TASK PROMPT:
From the records below, set down exactly the lines starting with the line that contains "services-03 Close-up shot" and going on through the line that contains "A car drives". Nothing else is wanted.

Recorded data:
□ □ □ □

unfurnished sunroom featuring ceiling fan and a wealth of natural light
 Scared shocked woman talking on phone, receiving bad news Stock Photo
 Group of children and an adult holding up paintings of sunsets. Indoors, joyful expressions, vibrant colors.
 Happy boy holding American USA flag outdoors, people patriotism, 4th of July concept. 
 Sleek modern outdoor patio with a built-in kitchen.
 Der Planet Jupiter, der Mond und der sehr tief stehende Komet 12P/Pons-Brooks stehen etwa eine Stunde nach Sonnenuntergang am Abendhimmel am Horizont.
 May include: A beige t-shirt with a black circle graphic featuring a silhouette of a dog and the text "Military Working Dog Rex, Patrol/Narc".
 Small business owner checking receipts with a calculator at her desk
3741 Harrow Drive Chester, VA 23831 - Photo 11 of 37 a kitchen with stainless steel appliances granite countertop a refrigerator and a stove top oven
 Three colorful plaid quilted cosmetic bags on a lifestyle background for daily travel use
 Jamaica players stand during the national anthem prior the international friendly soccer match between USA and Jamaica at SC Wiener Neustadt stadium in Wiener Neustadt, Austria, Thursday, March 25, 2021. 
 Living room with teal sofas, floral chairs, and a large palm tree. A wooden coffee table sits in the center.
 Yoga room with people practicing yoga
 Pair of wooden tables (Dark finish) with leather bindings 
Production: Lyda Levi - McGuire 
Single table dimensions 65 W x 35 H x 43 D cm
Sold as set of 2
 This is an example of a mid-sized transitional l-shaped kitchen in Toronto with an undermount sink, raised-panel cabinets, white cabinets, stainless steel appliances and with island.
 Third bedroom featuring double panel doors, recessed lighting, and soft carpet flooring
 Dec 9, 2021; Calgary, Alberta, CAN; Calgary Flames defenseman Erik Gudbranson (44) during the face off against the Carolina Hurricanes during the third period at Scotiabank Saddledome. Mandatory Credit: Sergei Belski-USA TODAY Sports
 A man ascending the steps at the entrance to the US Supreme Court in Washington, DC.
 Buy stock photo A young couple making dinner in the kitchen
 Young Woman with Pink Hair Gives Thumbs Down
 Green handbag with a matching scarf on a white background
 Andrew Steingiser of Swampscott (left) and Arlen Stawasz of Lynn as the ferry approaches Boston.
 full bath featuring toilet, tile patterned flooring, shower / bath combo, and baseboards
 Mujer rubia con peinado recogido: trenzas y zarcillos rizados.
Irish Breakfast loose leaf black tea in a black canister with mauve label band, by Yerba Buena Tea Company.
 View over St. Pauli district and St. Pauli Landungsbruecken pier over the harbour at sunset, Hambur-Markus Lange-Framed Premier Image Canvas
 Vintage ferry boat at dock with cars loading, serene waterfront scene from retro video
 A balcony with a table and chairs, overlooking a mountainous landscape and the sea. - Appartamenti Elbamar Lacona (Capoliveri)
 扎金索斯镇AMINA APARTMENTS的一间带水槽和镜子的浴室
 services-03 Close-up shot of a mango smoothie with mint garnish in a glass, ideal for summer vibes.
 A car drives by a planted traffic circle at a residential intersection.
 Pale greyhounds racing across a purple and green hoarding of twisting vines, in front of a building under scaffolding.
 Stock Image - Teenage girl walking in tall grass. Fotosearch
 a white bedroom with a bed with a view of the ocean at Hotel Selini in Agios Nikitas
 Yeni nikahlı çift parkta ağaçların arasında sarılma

□ □ □ □

EXERCISE RESULT:
 services-03 Close-up shot of a mango smoothie with mint garnish in a glass, ideal for summer vibes.
 A car drives by a planted traffic circle at a residential intersection.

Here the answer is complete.